Your objective ::
List each line of the data that holds the word "Cotton".

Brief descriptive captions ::
--- START ---

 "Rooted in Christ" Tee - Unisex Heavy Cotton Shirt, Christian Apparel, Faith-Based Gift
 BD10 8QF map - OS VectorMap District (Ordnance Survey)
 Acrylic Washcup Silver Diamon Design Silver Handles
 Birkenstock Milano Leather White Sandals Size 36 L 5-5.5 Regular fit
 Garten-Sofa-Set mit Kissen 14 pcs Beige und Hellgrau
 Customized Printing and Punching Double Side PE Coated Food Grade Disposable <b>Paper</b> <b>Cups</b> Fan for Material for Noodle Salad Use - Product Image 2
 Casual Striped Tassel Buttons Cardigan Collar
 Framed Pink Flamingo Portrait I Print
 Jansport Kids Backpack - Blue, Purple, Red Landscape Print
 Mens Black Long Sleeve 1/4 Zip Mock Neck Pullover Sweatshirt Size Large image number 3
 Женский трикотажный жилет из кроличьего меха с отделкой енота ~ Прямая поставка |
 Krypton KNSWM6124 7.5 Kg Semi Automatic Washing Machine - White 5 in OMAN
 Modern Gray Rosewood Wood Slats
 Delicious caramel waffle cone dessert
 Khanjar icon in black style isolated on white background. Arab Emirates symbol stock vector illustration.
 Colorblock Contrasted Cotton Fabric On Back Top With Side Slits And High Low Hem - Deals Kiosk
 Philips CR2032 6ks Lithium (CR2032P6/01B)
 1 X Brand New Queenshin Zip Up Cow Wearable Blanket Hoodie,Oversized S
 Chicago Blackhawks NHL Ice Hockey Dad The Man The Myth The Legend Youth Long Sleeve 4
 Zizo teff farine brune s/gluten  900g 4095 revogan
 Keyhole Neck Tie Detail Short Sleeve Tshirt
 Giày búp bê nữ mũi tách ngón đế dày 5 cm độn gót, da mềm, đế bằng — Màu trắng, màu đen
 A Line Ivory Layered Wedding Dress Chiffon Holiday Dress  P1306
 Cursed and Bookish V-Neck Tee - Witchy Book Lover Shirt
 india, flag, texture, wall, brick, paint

--- END ---

Exercise answer ::
 "Rooted in Christ" Tee - Unisex Heavy Cotton Shirt, Christian Apparel, Faith-Based Gift
 Colorblock Contrasted Cotton Fabric On Back Top With Side Slits And High Low Hem - Deals Kiosk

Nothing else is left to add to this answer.